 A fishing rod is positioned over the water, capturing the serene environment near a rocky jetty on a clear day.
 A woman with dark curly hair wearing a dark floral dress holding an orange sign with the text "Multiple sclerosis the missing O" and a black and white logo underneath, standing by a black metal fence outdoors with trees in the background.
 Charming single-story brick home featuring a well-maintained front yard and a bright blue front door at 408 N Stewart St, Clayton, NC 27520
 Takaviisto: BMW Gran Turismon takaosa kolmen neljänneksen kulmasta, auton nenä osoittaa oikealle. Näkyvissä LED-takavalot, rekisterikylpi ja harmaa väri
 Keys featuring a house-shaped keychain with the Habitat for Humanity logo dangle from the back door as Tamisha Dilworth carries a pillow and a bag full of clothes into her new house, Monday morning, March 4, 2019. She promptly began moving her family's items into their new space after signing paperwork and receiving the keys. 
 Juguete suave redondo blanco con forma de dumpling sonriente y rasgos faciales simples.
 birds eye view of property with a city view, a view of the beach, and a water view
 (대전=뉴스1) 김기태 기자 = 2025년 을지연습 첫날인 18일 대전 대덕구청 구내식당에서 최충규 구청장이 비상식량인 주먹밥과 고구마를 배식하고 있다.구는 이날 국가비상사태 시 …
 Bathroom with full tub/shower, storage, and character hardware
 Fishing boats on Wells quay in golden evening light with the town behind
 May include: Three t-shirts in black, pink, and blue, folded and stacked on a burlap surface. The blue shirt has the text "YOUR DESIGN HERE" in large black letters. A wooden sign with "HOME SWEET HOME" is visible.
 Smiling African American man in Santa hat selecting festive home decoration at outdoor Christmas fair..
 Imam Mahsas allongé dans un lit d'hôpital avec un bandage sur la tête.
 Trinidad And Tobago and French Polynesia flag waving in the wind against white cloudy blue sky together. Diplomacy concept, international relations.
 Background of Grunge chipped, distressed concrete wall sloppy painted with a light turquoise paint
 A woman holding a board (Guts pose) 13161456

--- --- ---

* _Work to be completed_
Filter the records above for "holding" and copy every matching line.

* _Expected answer_
 A woman with dark curly hair wearing a dark floral dress holding an orange sign with the text "Multiple sclerosis the missing O" and a black and white logo underneath, standing by a black metal fence outdoors with trees in the background.
 A woman holding a board (Guts pose) 13161456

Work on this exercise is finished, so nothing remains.